La jeune fille est tiraillée entre la douleur, la honte et peut-être la peur de gâcher leurs vacances de rêve. Peut-être espère-t-elle que son silence annulera l’événement. Ne pas en parler pour qu’il n’existe plus dans son esprit. En attendant, Tara préfère tout garder en elle.
Bien-sûr, ne rien dire n’aide pas Tara à verbaliser ce qui s’est passé, à réaliser ce qui lui est arrivé. Nous qui avons été avec elle cette nuit-là, nous savons. En tant que confidents passifs, on lit sur son visage son malaise, notamment son embarras, le lendemain des faits, à revoir son agresseur dans leur logement, en train de copiner avec ses amies. Ce malaise, Tara ne l’exprime jamais, elle ne parvient pas à le verbaliser mais physiquement, tout est dit.
Mise en scène de l’intime
Durant tout le film, on est au plus près de Tara et cette impression de proximité, qui engendre beaucoup d’empathie par ailleurs, se met en place également par la mise en scène. Si on nous présente au début trois copines, on se focalise assez vite sur son personnage. Visuellement, cela s’exprime par des plans resserrés sur elle. Ces plans rapprochés traduisent tout l’étouffement qu’elle ressent suite à l’agression et aux sentiments enfouis en elle. La mise en scène raconte tout cela d’une manière réaliste, presque documentaire, qui nous fait oublier que How To Have Sex est une fiction.

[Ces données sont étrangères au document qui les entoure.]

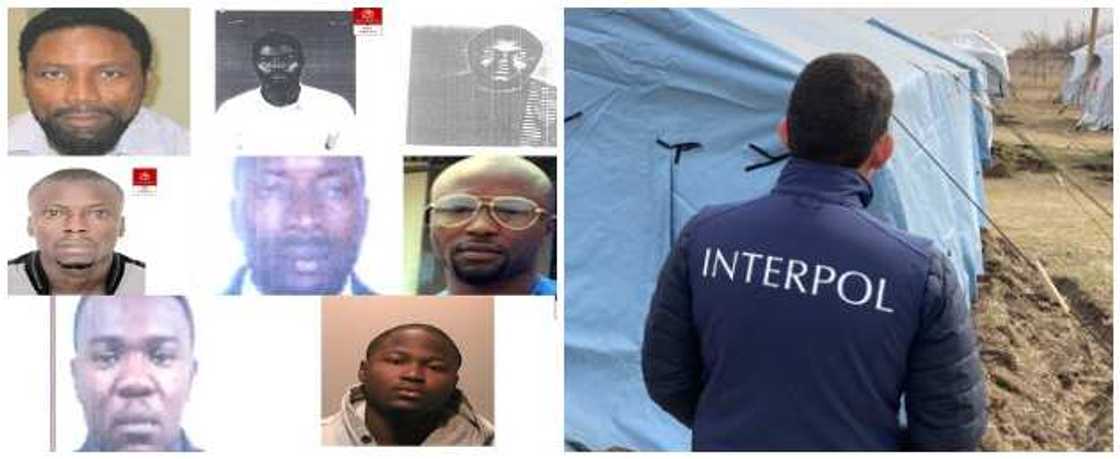 Wanted Nigerians Wanted Nigerians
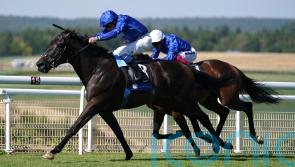 Rebel with a cause &ndash; Appleby backing Romance to star on Meydan card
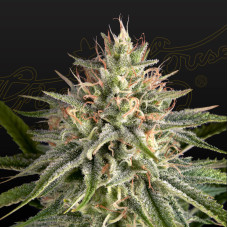 Hawaiian Snow x Sour Banana feminised (Green House Seeds)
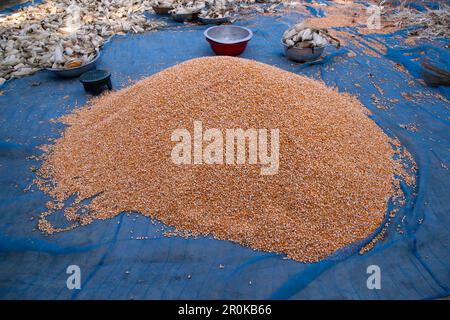an agriculture concept in pile Corn seeds Stock Photo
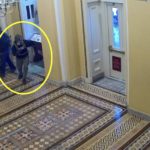 Assaut du Capitole : Un assaillant qui projetait d’assassiner des agents du FBI condamné à la perpétuité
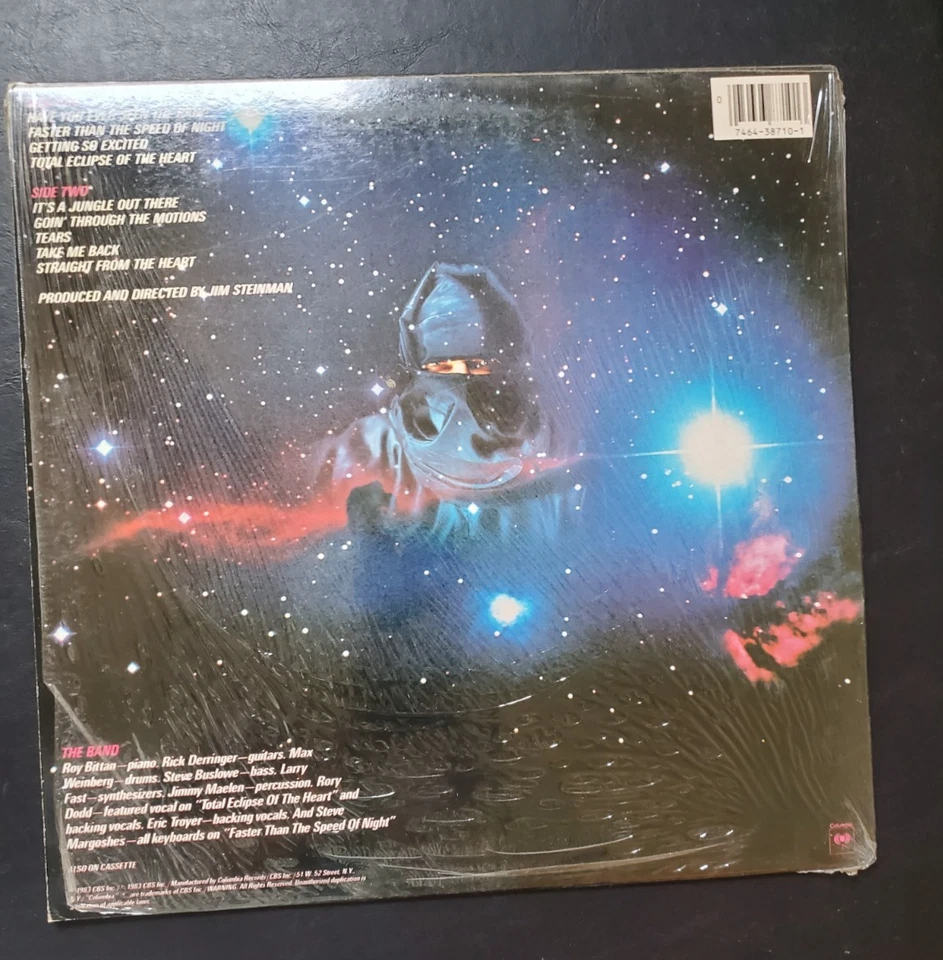 Bonnie Tyler - быстрее, чем скорость ночи (VG +/VG +) виниловая пластинка LP - Изображение 2 из 4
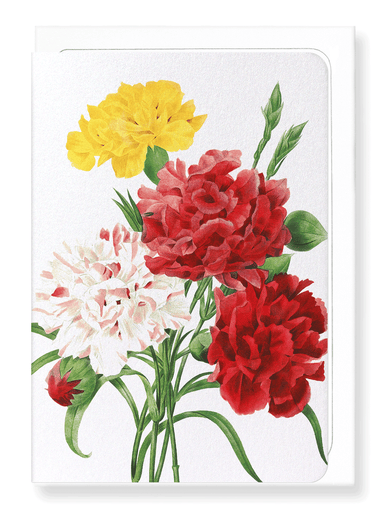 Ezen Designs - Carnation (detail) - Greeting Card - Front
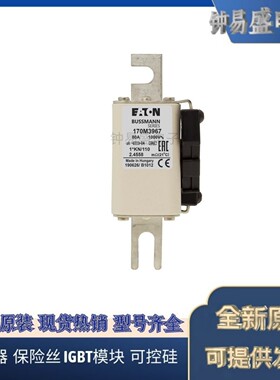 Bussmann熔断器170M3961  170M3965 170M3966 170M3967 170M3968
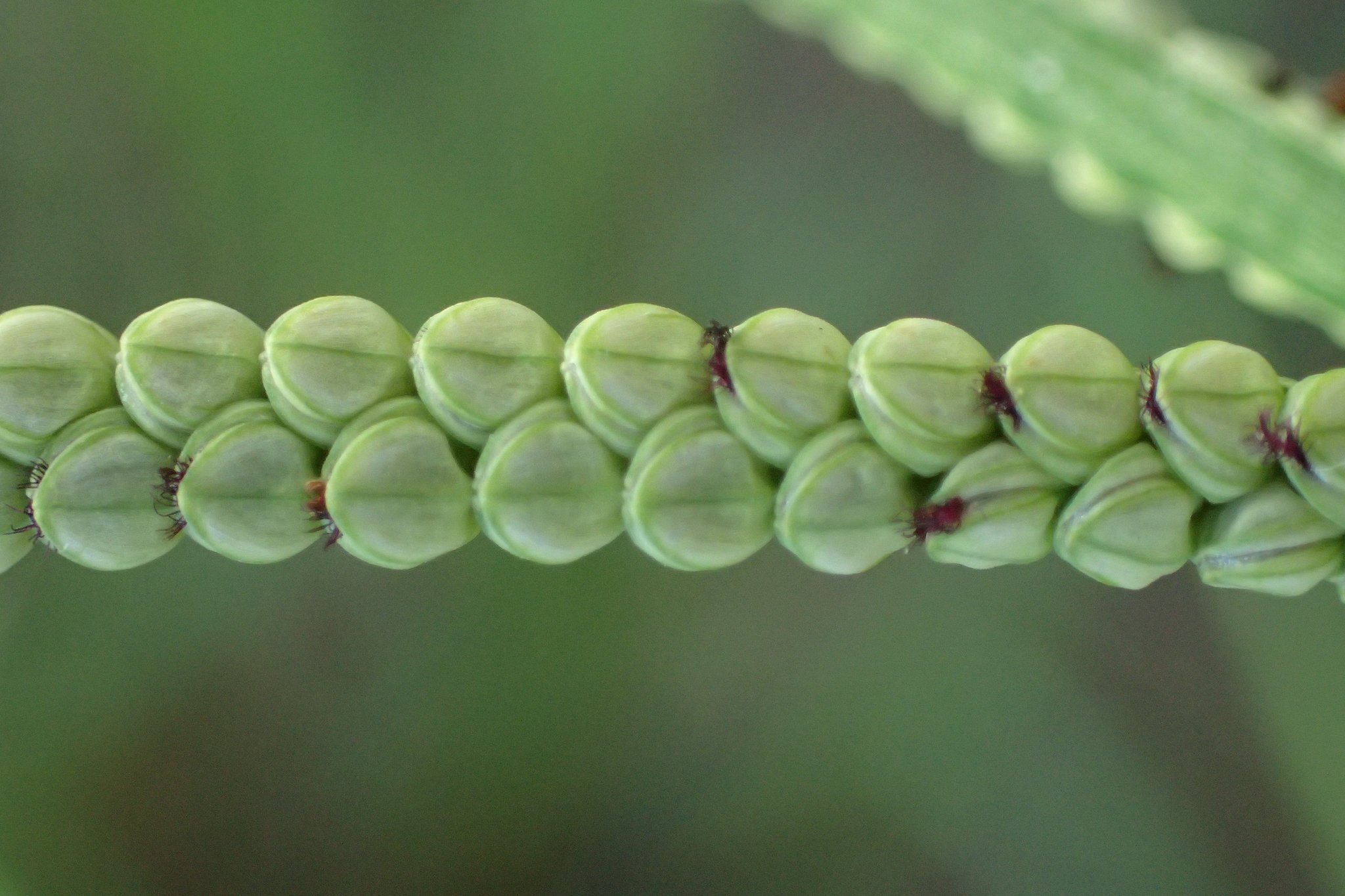 Paspalum scrobiculatum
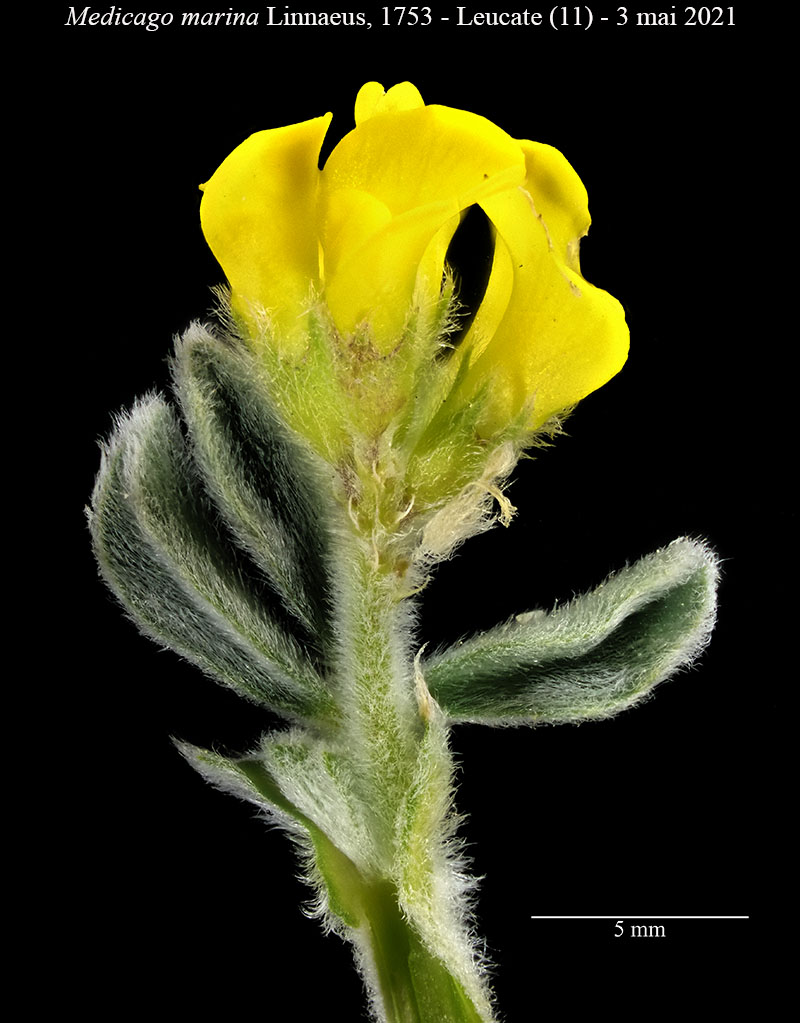 Medicago marina #66731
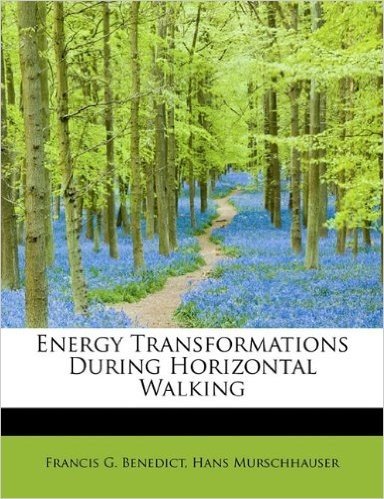 Energy Transformations During Horizontal Walking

Le travail de mise en scène de la réalisatrice, Molly Manning Walker, cette façon de filmer les personnages plutôt que les décors, implique qu’on ne sait jamais vraiment où sont les filles : l’environnement n’importe pas, il s’agit juste d’un voyage entre amies mais les événements pourraient se dérouler tant au Mexique qu’en Grande-Bretagne. How To Have Sex passe par Tara pour raconter une histoire universelle. Elle existe ailleurs, des milliers de fois vécues par des jeunes filles ou des femmes, partout dans le monde. Ce que vit Tara est malheureusement le quotidien de nombreuses autres.
C’est peut-être pour cette raison que cette histoire nous touche en tant que femme, car elle est ou pourrait être la nôtre ou celle de nos copines. Molly Manning Walker nous offre un premier long-métrage fort, juste et franchement nécessaire. À voir absolument.